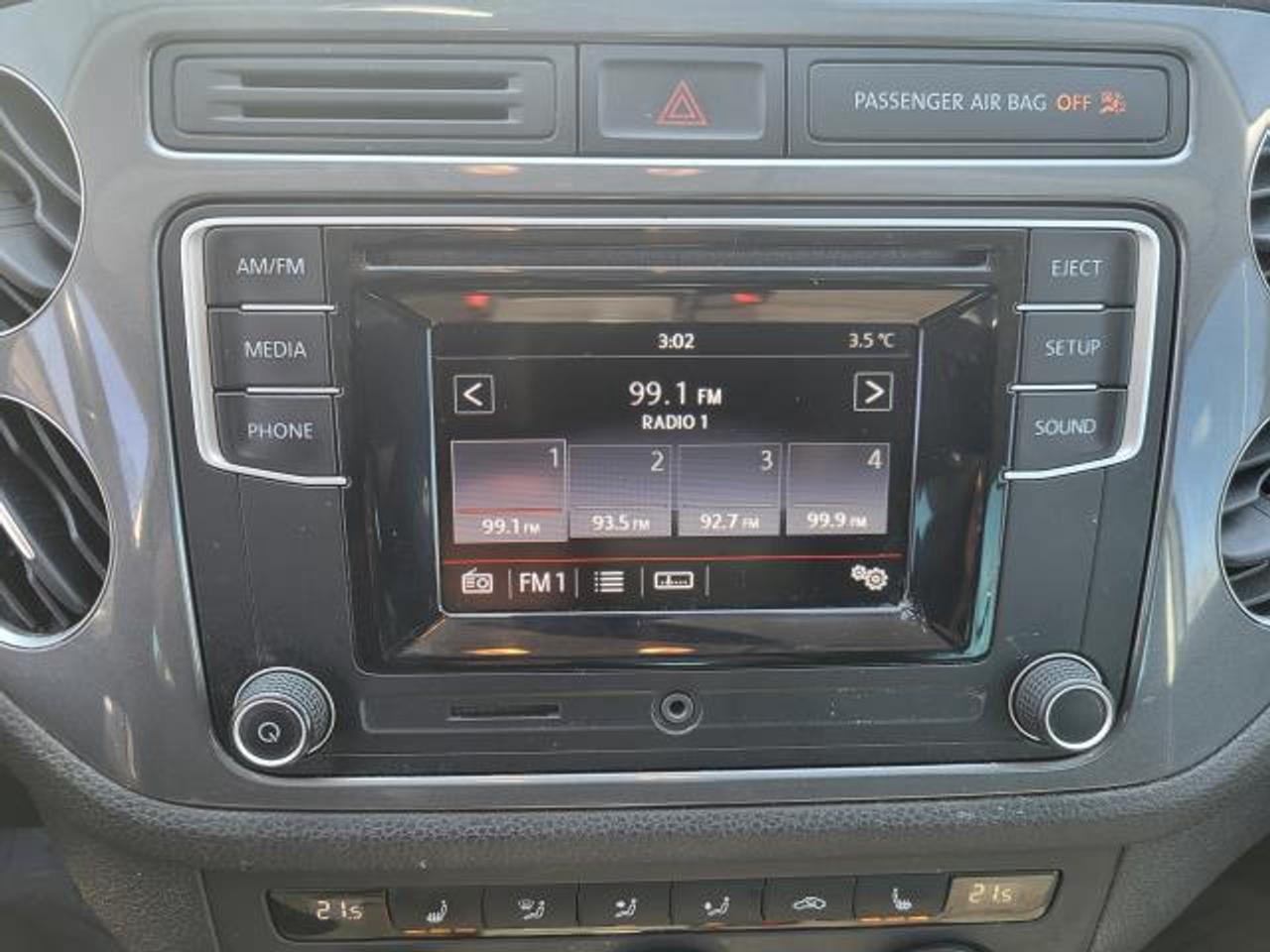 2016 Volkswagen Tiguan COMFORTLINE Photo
* * *
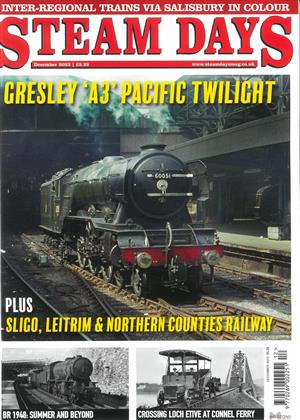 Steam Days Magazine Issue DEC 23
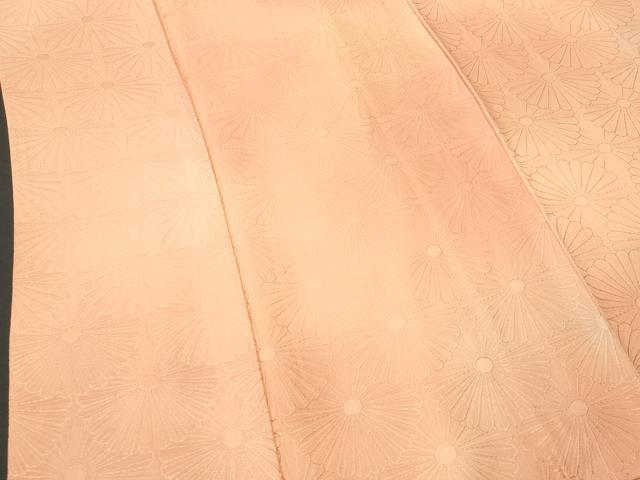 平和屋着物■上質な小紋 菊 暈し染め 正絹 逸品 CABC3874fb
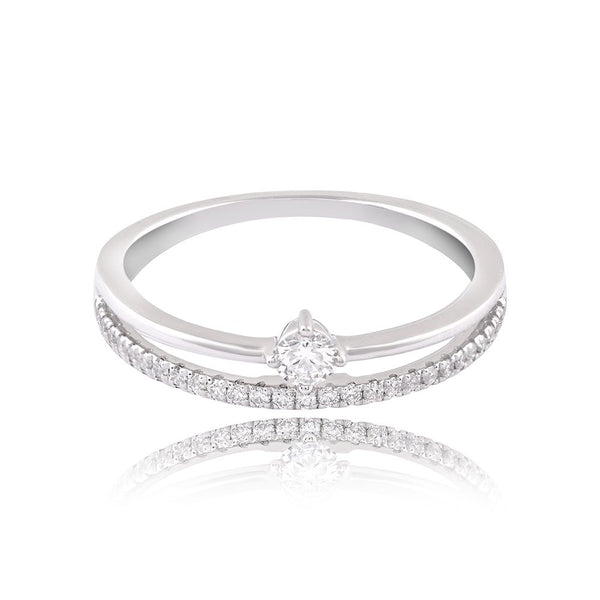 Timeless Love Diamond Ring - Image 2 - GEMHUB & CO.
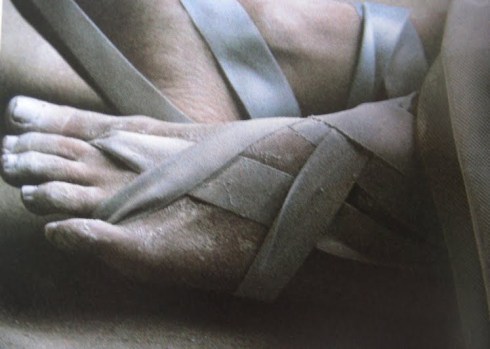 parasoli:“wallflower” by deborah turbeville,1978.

▸ Prompt:
Look above and copy only the lines from the one holding "Steam Days Magazine Issue DEC 23" to the one holding "by deborah turbeville,1978.", both included, exactly, minus the pictures.

▸ Written solution:
 Steam Days Magazine Issue DEC 23
 平和屋着物■上質な小紋 菊 暈し染め 正絹 逸品 CABC3874fb
 Timeless Love Diamond Ring - Image 2 - GEMHUB & CO.
 parasoli:“wallflower” by deborah turbeville,1978.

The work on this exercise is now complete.